The Friday Arts Diary

Our cultural picks for the week ahead.


Tate Britain, London SW1 - Another London: International Photographers Capture City Life 1930 – 1980, 27 July–16 September 

Tate Britain explores the capital city through the eyes of some of the most significant names in international photography, from Henri Cartier-Bresson to Eve Arnold. Bringing together 180 classic photographs, Another London explores the city’s rich complexity.


Raven Row, London E1 – The Real Truth – A World’s Fair, 28 July–19 August

Suzanne Treister’s project at Raven Row is spread over four weekends with speeches from a global futurist, an anarcho-primitivist and a US security agency insider within a specially designed theatre. A World’s Fair also hosts an exhibition including three unique libraries, two video lounges and designs for a virtual world’s fair. On 28 July Robert Rydell, the international expert on the power of world’s fairs to define the modern world, delivers a keynote speech.
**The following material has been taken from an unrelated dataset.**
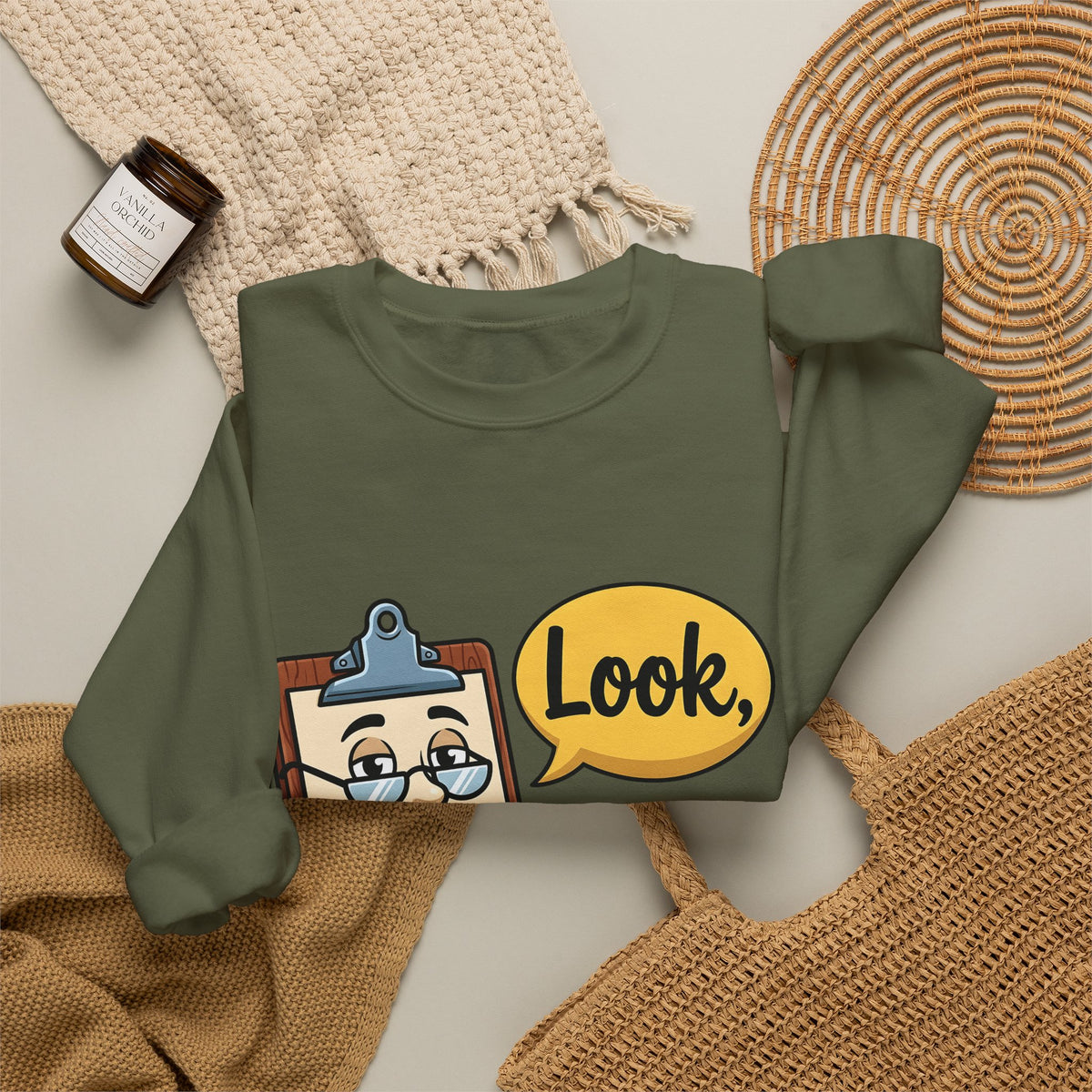 Clipboard Sketch Sweatshirt Teacher Stationery Gift Women Line Art Sweatshirt Notepad Sweatshirt Educator Enthusiast Illustration Design Drawing Sweatshirt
The Africa Centre, London WC2 – And Crocodiles Are Hungry At Night, 31 July–18 August

Bilimankhwe Arts and Nanzikambe Theatre present the UK premiere of And Crocodiles Are Hungry At Night - the award-winning dissident poet Jack Mapanje’s prison memoir, adapted and directed by Kate Stafford. Mapanje was imprisoned in Malawi’s Mikuyu prison in 1987 without charge and remained there for over three years despite a prolonged international outcry.


BFI Southbank, London SE1 - The Genius of Hitchcock, 1 August–31 October

The BFI stages its biggest project to date - a complete retrospective of the 58 surviving Hitchcock feature films, with on-stage interviews including Tippi Hendren, the ultimate “Hitchcock Blonde”. The project opens on 1 August with two different screenings of Hitchcock’s Blackmail – a rare silent version with live musical accompaniment and a sound version.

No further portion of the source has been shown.